Data for this exercise section start

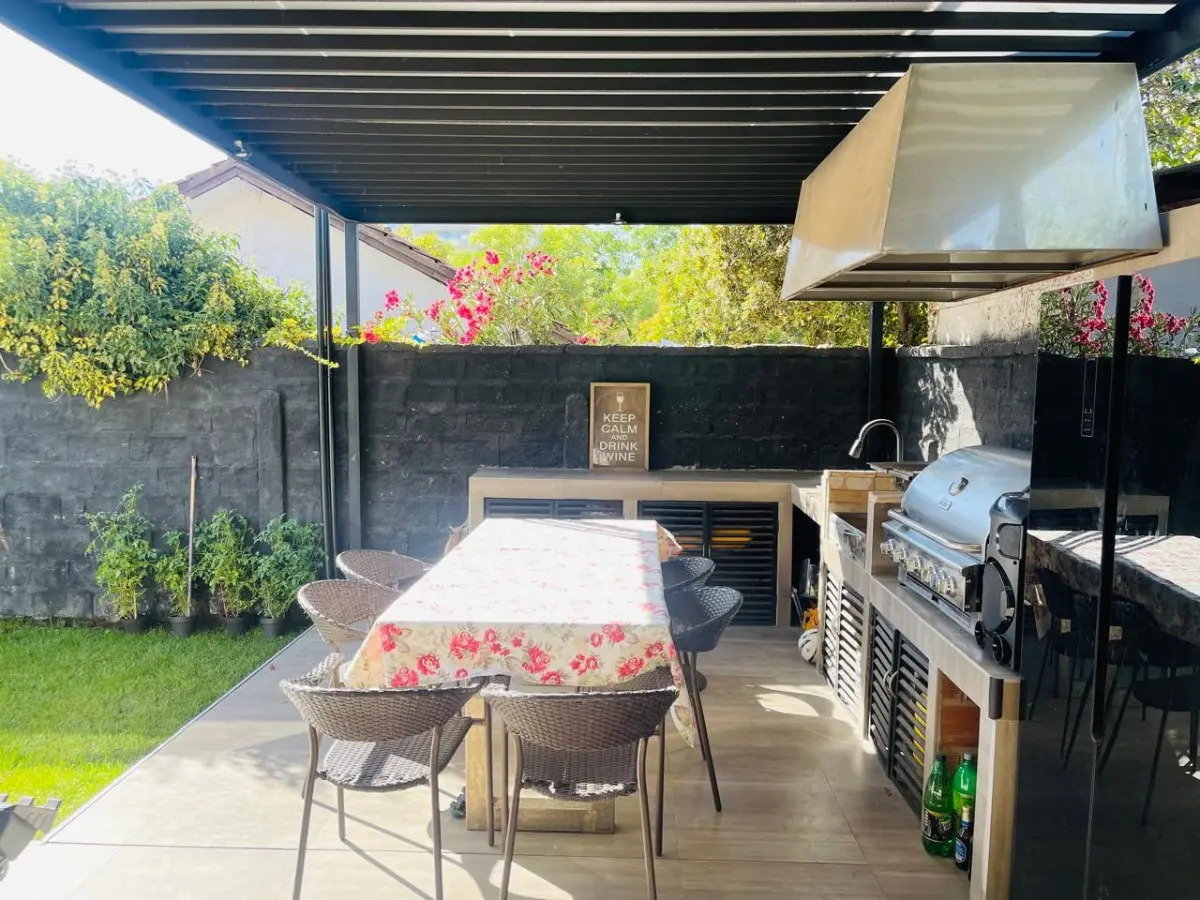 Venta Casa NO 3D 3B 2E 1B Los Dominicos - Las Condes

Data for this exercise section end
Data for this exercise section start

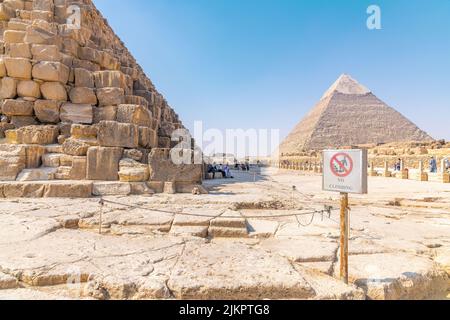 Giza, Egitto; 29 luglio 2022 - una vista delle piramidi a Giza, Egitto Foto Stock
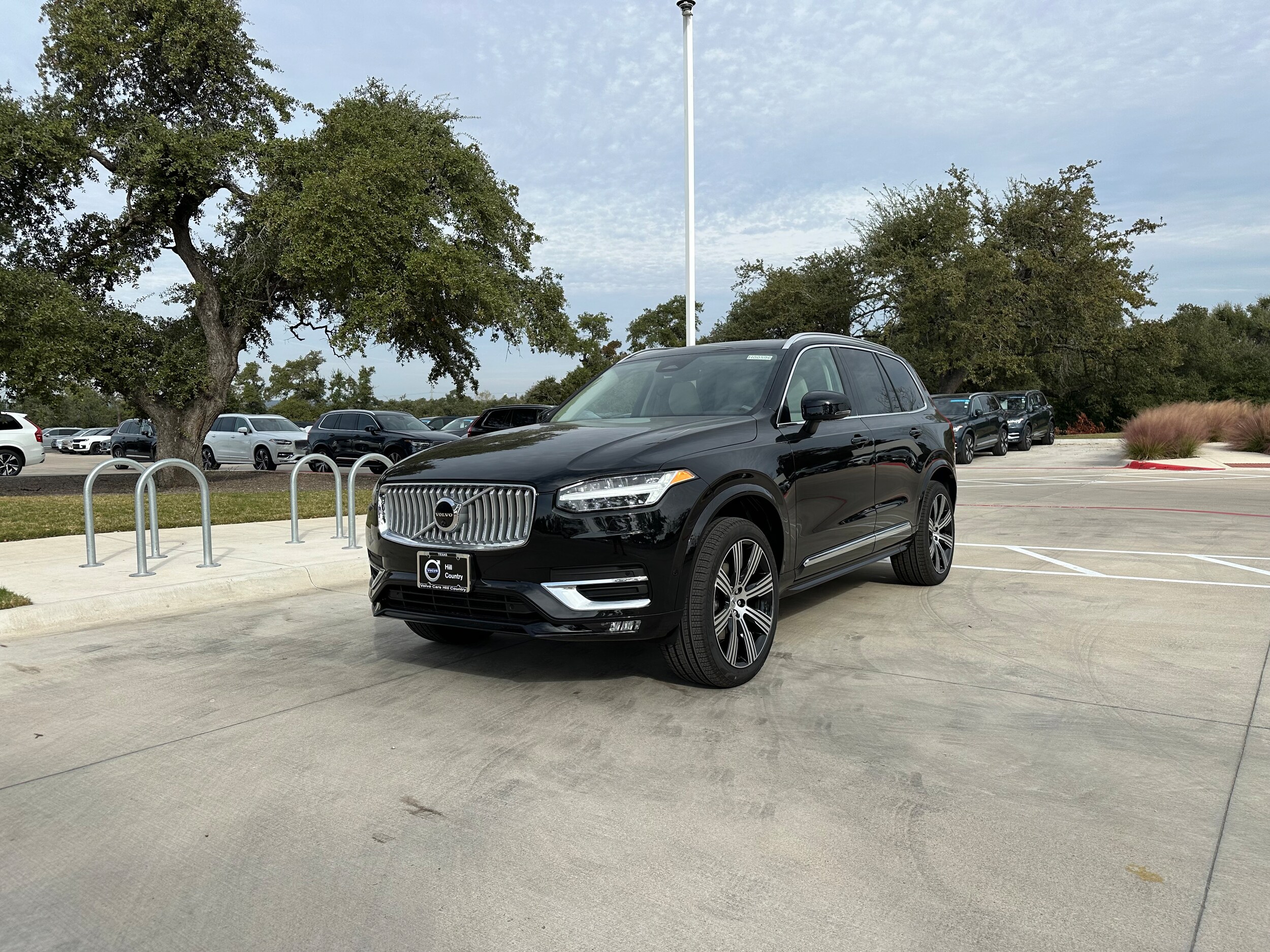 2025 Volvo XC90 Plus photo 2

Data for this exercise section end

▶ Work to complete
After locating "Giza, Egitto; 29" and "2025 Volvo XC90 Plus photo 2" in the records above, return exactly the line holding each one and every line between them; leave out the pictures.

▶ Answer box
 Giza, Egitto; 29 luglio 2022 - una vista delle piramidi a Giza, Egitto Foto Stock
 2025 Volvo XC90 Plus photo 2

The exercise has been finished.